1. Field of the Invention
This invention relates to a method of providing a silicon semiconductor pellet with a heat sink and a semiconductor device with a heat sink.
2. Description of the Prior Art
In the fabrication of semiconductor devices, bonding of silicon semiconductor pellets to heat sinks of copper tends to pose such a problem that temperature changes may fracture the silicon pellets to damage integrated circuits in the pellets. This results from the differences between the thermal expansion coefficients of the two materials.

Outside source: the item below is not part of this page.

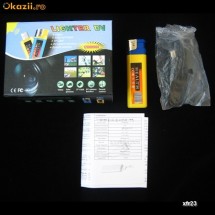 Bricheta cu camera SPY Spion HD 1280x960 - Activare Vocala foto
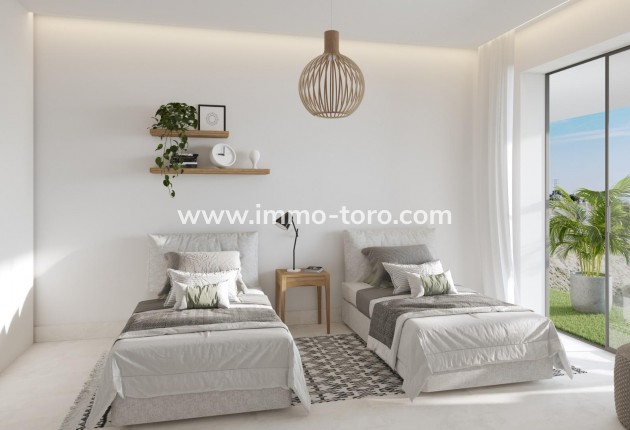 New Build - Detached house / Townhouse - Fuengirola - Higueron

For this reason direct bonding of silicon semiconductor pellets about 1.2 mm sq. large or larger in size to heat sinks has hitherto been unfeasible.
To preclude the possibility of fracture of the silicon, it is necessary to interpose, between a silicon semiconductor pellet and a copper heat sink, a buffer such as a sheet of molybdenum whose thermal expansion coefficient is midway between those of silicon and copper, as proposed in U.S. Pat. No. 2,971,251 issued on Feb. 14, 1961 to Theo Willem Willemse, assignor to North American Phillips Company, Inc., New York, N.Y., entitled "SEMICONDUCTIVE DEVICE."
Thus, a common practice has involved pressure welding or brazing (or soldering) a molybdenum sheet to the surface of a copper heat sink, placing gold foil on the molybdenum sheet and heating them together so that gold-silicon eutectic alloy is formed thereby to connect the silicon pellet to the molybdenum. Or, the silicon pellet may be brazed or soldered to the combination of the copper heat sink and the molybdenum sheet without forming the gold-silicon eutectic alloy.
Extensive investigations have been made concerning possible causes for the above-mentioned problem. As a result, it has now been found that, with the conventional heat sinks which are made of oxygen-free copper, the heat treatment for pellet bonding completely anneals the copper and lowers its yield point with a result that the pellet bonded to the heat sink undergoes such strain at various temperatures as represented by the dashed-line curve c in FIG. 2. A subsequent heat treatment such as for nail-head bonding (at about 310.degree. C.) or some other treatments, for example for connection of the semiconductor device to a printed-circuit board (at about 250.degree. C. when soldered), produces a tensile strain above the fracture limit, causing the device to be broken or fractured.